[Aim of the exercise] Below, some lines carry pictures; leave those pictures out and retype exactly the lines from the one with "Okay, so if" through the one with "Hello and thank".

[Records provided]
# # # #
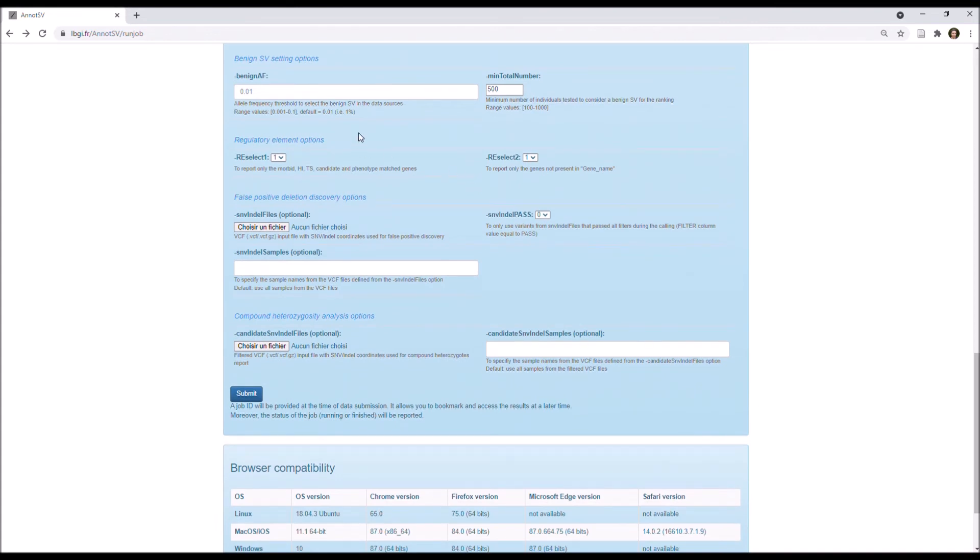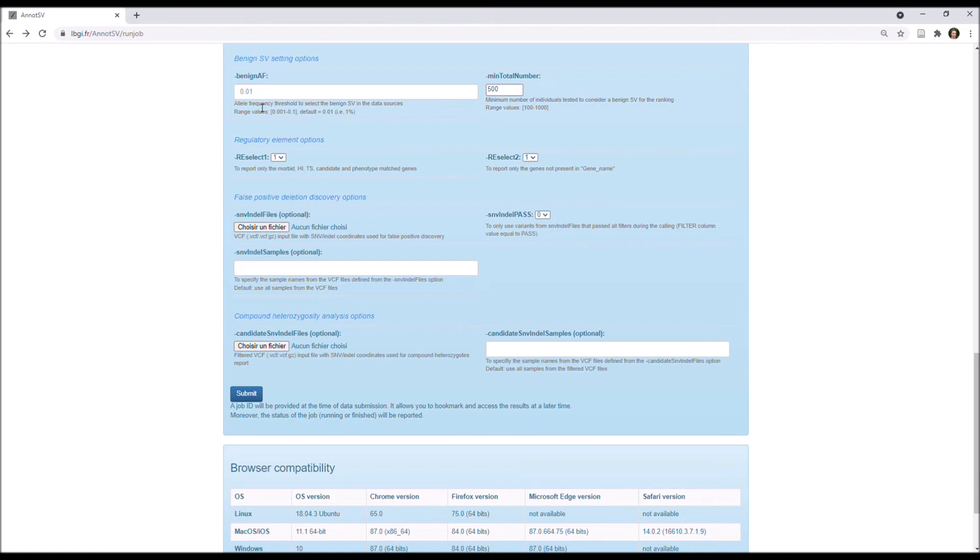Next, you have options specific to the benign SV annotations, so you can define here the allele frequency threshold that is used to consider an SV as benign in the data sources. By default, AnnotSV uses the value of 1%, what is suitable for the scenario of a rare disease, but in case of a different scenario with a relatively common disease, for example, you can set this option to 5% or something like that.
# # # #
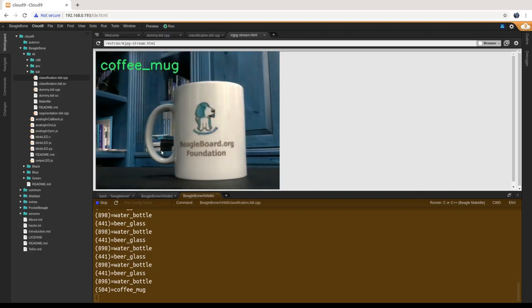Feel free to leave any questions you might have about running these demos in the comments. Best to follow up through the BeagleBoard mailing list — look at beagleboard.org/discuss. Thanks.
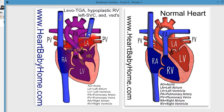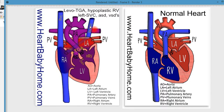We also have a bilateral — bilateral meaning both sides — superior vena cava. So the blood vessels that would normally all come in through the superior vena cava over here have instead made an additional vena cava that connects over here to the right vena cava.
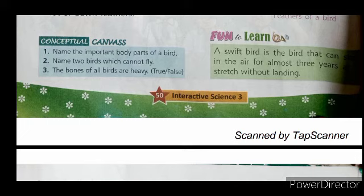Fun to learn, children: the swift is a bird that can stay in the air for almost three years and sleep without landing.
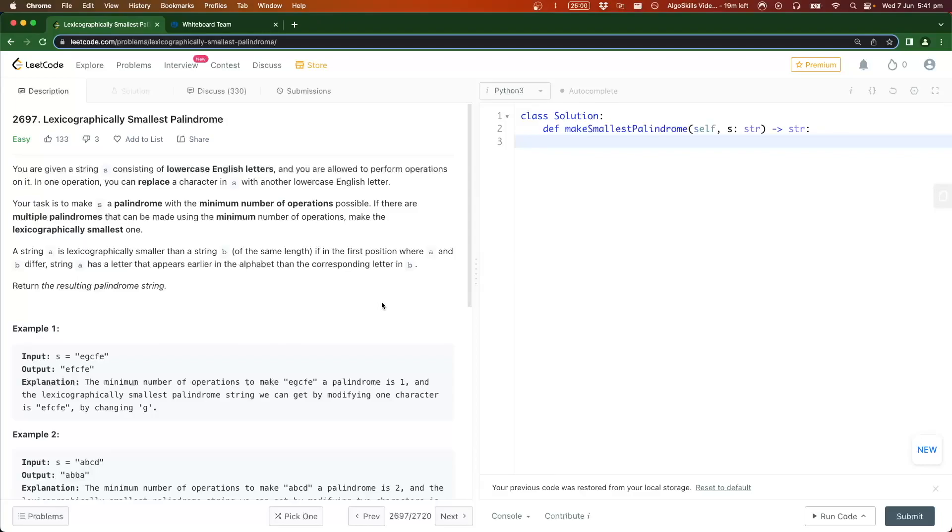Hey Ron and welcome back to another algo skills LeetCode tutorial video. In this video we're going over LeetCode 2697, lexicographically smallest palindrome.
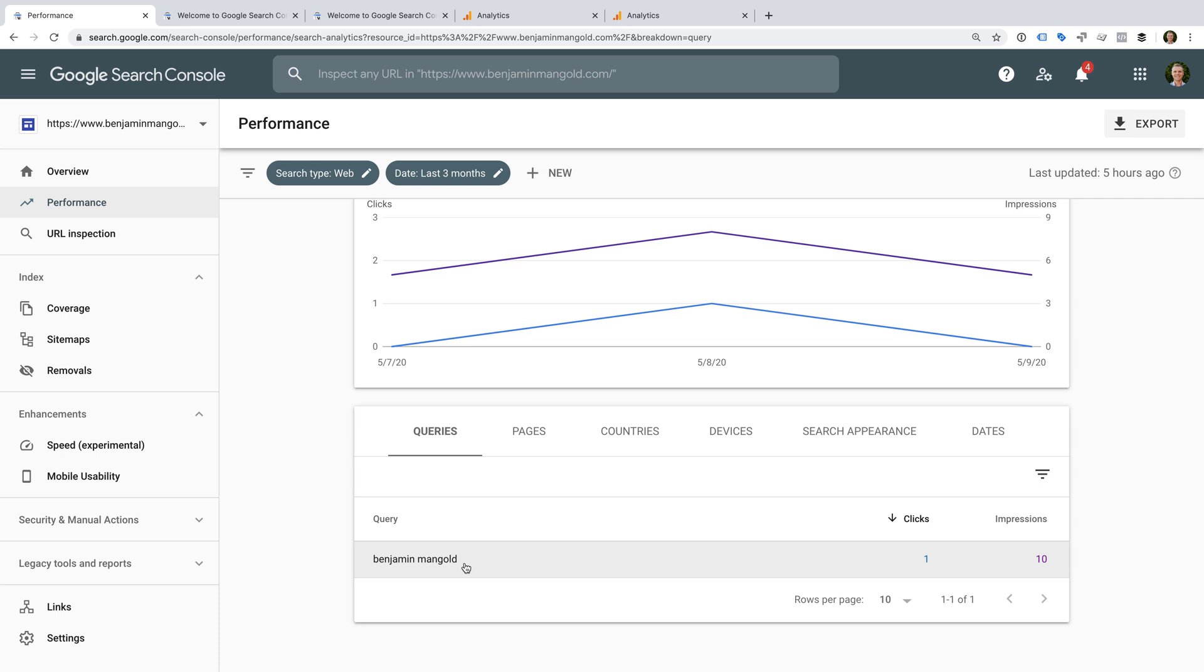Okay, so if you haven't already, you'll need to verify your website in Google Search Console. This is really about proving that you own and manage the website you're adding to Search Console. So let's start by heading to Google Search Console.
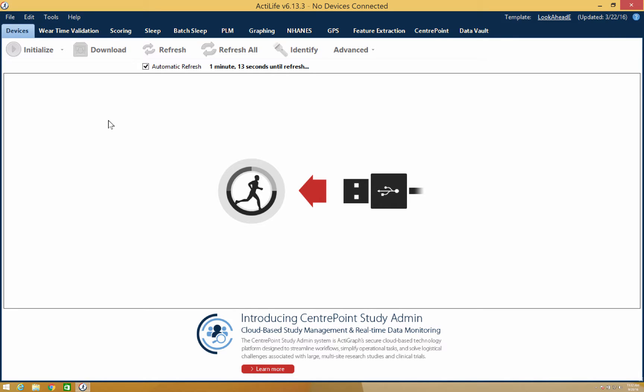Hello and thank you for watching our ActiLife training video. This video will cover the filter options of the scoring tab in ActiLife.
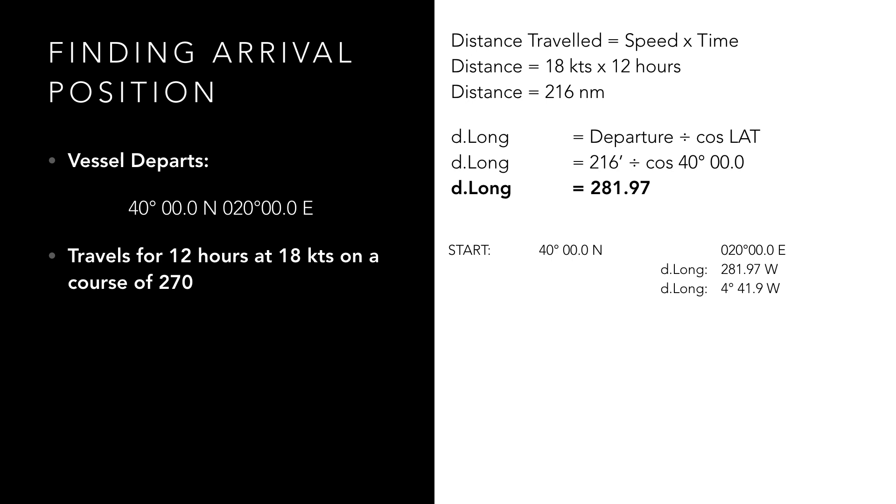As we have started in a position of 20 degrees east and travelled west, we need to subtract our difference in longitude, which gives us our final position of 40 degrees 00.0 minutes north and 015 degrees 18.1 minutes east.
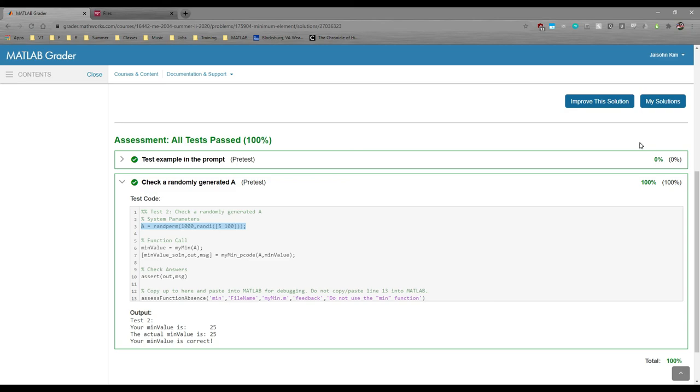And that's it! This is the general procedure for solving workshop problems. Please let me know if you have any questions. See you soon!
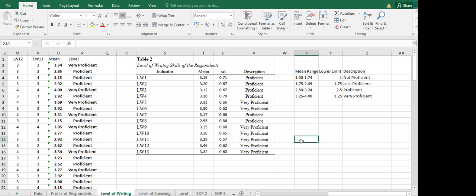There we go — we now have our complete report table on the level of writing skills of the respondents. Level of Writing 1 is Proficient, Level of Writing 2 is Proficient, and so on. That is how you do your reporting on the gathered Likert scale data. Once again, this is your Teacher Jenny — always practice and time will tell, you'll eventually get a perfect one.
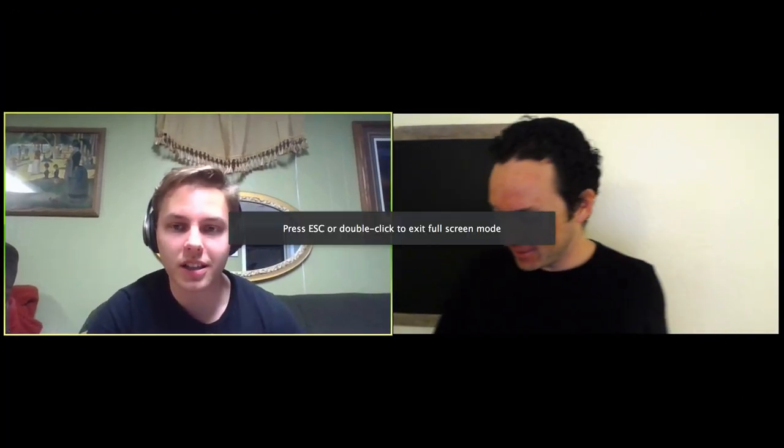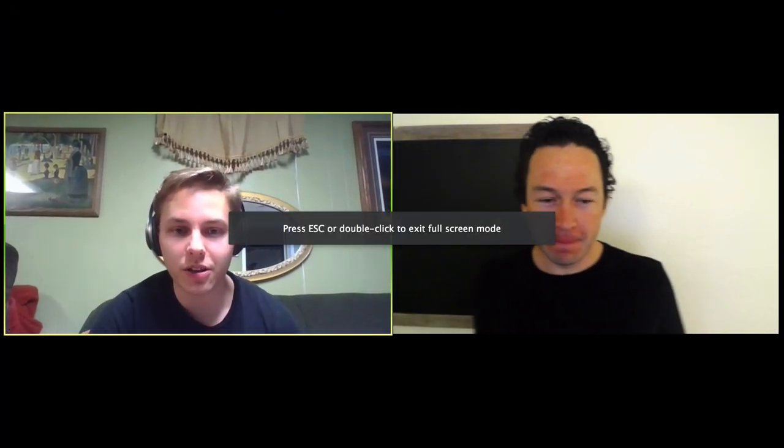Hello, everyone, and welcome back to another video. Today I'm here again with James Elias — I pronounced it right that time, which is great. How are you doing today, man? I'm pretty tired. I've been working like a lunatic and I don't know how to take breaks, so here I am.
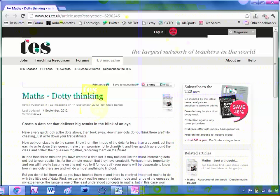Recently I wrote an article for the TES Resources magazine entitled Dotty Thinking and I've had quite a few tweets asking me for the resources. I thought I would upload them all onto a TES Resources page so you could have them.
# # # #
[Answer to this problem]
Okay, so if you haven't already, you'll need to verify your website in Google Search Console. This is really about proving that you own and manage the website you're adding to Search Console. So let's start by heading to Google Search Console.
Hello and thank you for watching our ActiLife training video. This video will cover the filter options of the scoring tab in ActiLife.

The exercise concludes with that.